BONCHAPT

680 62 37
                                    

3 tahun kemudian...

Akhir pekan adalah waktu terbaik bagi Manda dan Kenzo untuk menghabiskan waktu berdua ditengah-tengah kesibukan mereka. Sebab setelah lulus dan fokus dengan pekerjaan masing-masing, dua sejoli itu nampak sulit menemukan waktu luang hanya untuk sekedar makan bersama atau berbincang santai di teras rumah Manda seperti dulu.

Bahkan sekalipun ada waktu luang, tetap saja kerikil itu muncul. Misalnya seperti apa yang Kenzo alami hari ini.

Pria berhidung tajam itu nampak terus memandangi layar ponselnya, menunggu balasan pesan dari seseorang. Kedua kakinya terus bergetar hebat diluar kendali, sepertinya cemas mulai melanda Kenzo siang ini. Bagaimana tidak? Ia sudah berjanji untuk menjemput Manda sepulang bermain golf, tapi lihat apa yang terjadi? Dua pria paruh baya di ujung sana masih belum menunjukkan tanda-tanda bosan dengan aktivitas ini.

"Ayo Pa, sudah jam 12, memang gak kepanasan?" Tanya pria berkaos polo itu akhirnya.

Panggilan dari pria berusia pertengahan kepala dua itu sontak membuat dua pria paruh baya tadi menoleh ke sumber suara. Wilson merasa terpanggil ketika Kenzo menyerukan panggilan, apalagi Marteen yang notabene 'papa' kandung Kenzo sendiri. Memang resiko mengubah nama panggilan jadinya seperti ini, satu panggilan berhasil memancing dua orang.
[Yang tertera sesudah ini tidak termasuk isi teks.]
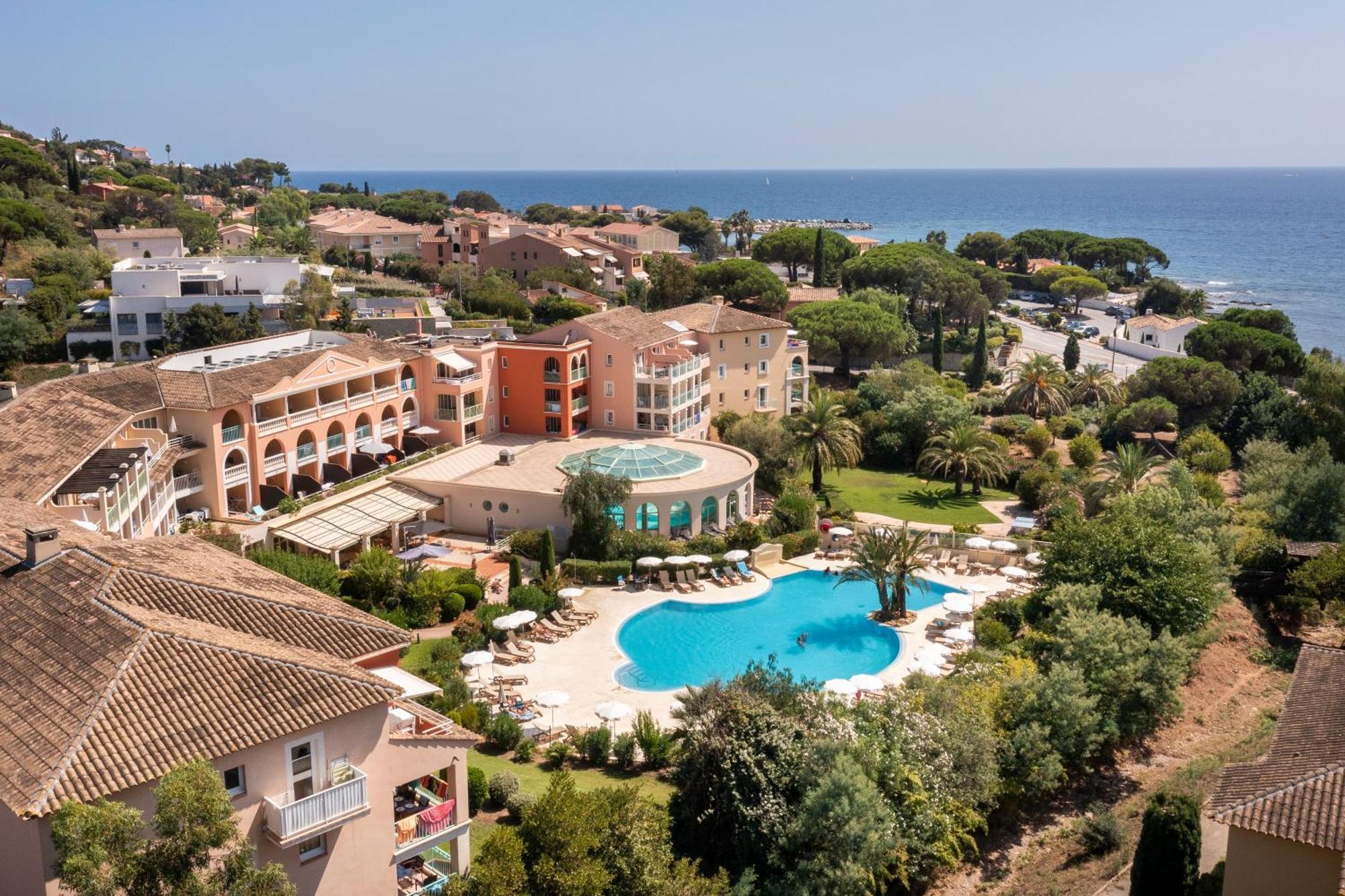 Résidence Pierre&Vacances Premium Les Calanques des Issambres Les Issambres Exterior foto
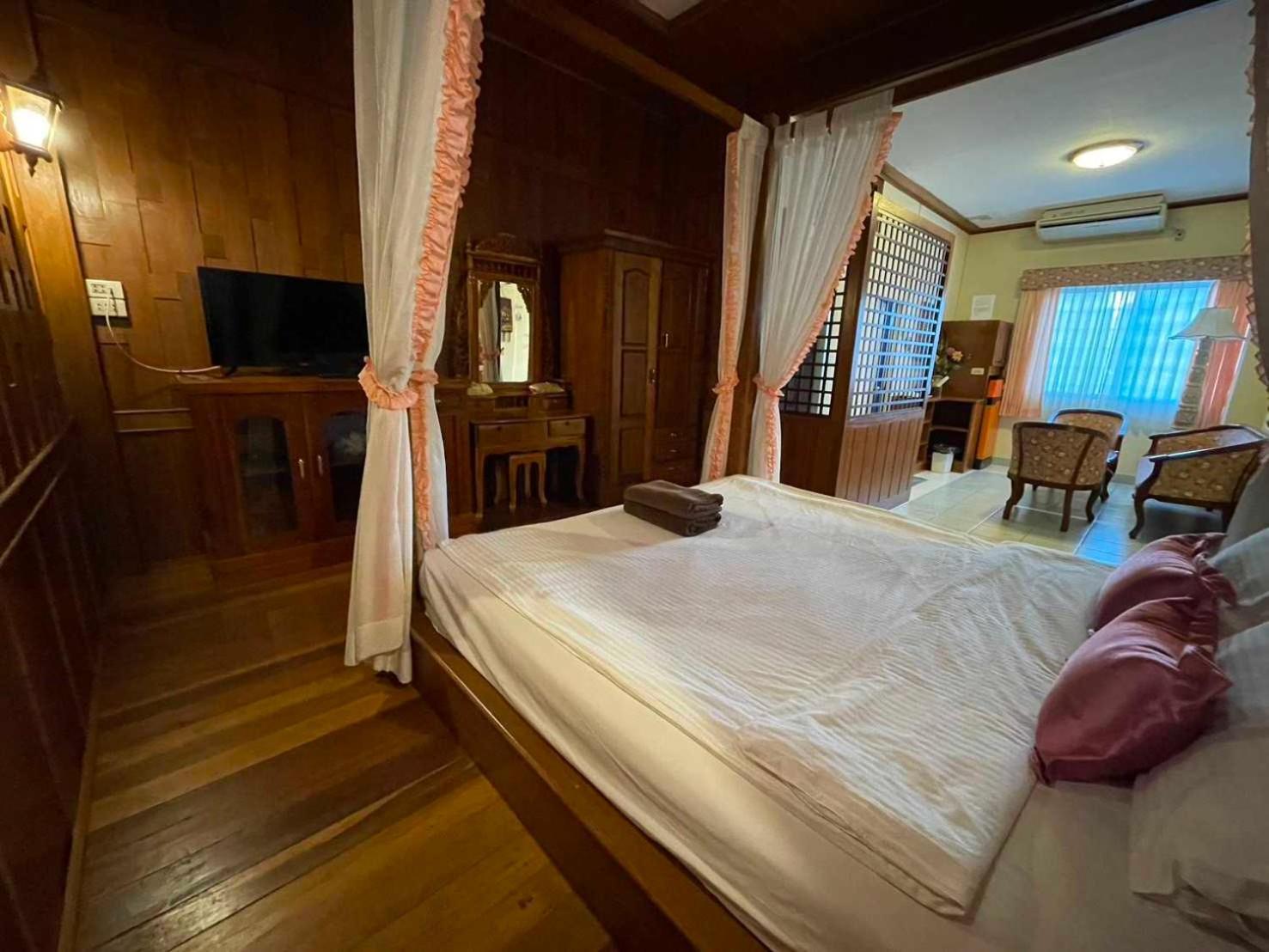 Oyo 75486 Anna Residence Jomtien Экстерьер фото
"Ngapain buru-buru sih Kenzo? Besok belum tentu bisa main golf sama papa begini?" Marteen kembali membetulkan posisi berdirinya dengan stik golf yang siap ia ayunkan sebentar lagi. Mendengar itu, Wilson hanya bisa terkekeh dan kembali fokus pada calon besannya yang sudah ia anggap seperti teman sendiri entah sejak kapan.

Mungkin, sejak Kenzo membawanya ke tempat olahraga ini dan secara tak langsung bertemu dengan Marteen untuk yang pertama kalinya. Memang dulu ayah dari Kenzo ini terkesan angkuh tak tersentuh, tapi lambat laun mereka bisa bersahabat karib. Mungkin karena keduanya sama-sama menyukai olahraga?

"Kenzo kan mau ketemu Manda Pa!" Seperti bocah berusia 8 tahun, Kenzo terkesan bak anak yang meminta pulang kepada orangtuanya. Namun sekalipun memang begitu, tetap saja Kenzo tidak merengek. Ia juga paham bahwa dirinya sudah tergolong dewasa sekarang.

Mendengar alasan Kenzo, Marteen hanya tersenyum miring sebelum mengayunkan tongkatnya, lalu melihat seberapa jauh bola berwarna putih itu melambung. "Ck, kamu ini. Sok-sokan mau bertemu Manda, memangnya papanya Manda sudah pasti mau izinin kamu temui anaknya?" Pria berkulit kecoklatan itu nampak melirik sekilas pada pria disebelahnya ini, membuat Kenzo sontak terdiam tak lagi bersuara.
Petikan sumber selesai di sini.